Wine exports are climbing, so why is the industry battling to survive?

This month brought good news from Wine Australia with the value of exports rocketing by 14% to $2.1 billion in 2015. These figures represent the best result since 2007. However, a different picture of the wine industry emerges from submissions made to the Senate Rural and Regional Affairs and Transport References Committee Inquiry, due to report on 12 February 2016. Change is clearly needed but given the wide gap in views is the industry’s future sustainable?

Economic sustainability

The Senate submissions suggest all is not as it seems. The Winemakers’ Federation of Australia have stated 70% of wine production in Australia may be uneconomic. Pernod Ricard Winemakers, the third largest producer, say that in 2014, 84% of Australian wine grapes were produced at a loss. Economic sustainability still appears a critical issue for the wine industry moving forward.

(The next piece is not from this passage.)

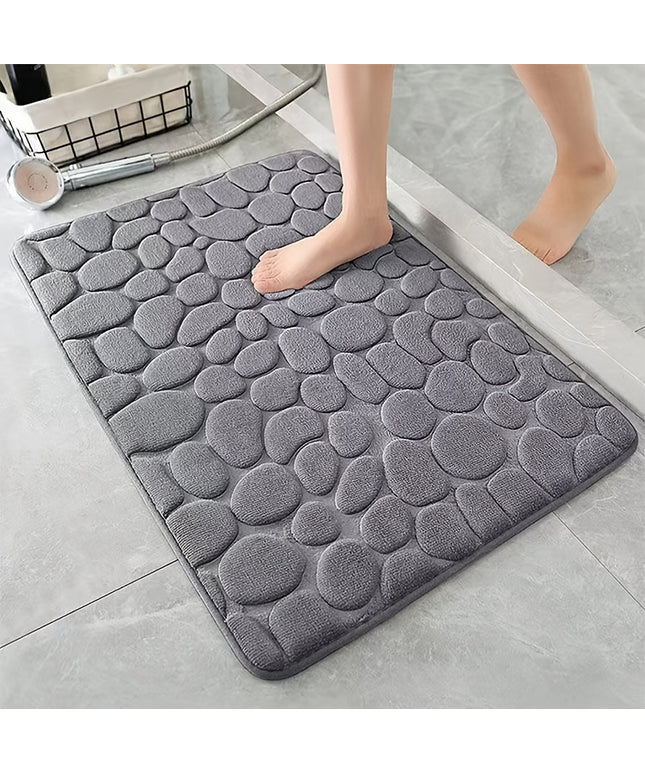 Gray textured bath mat on a bathroom floor with a person stepping onto it.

The Government Senate inquiry certainly recognises this, with an economic focus making up the majority of its terms of reference. Submissions reveal a litany of woes - both in market and government policy - such as the problem of being a price-taker in a competitive marketplace and the need for industry tax reform.

There are the expected claims of local groups seeking to gain relative economic advantage. For example, Wine Tasmania favours financial encouragement and marketing of cool climate wines and small business (it has no large producers).

In contrast Riverland Wine, with 25% of the national annual grape crush in a warm climate setting, suggests the need for a collaborative approach if the industry is to overcome problems arising over the last decade. Competition and cooperation are needed to bring a common perspective for industry survival.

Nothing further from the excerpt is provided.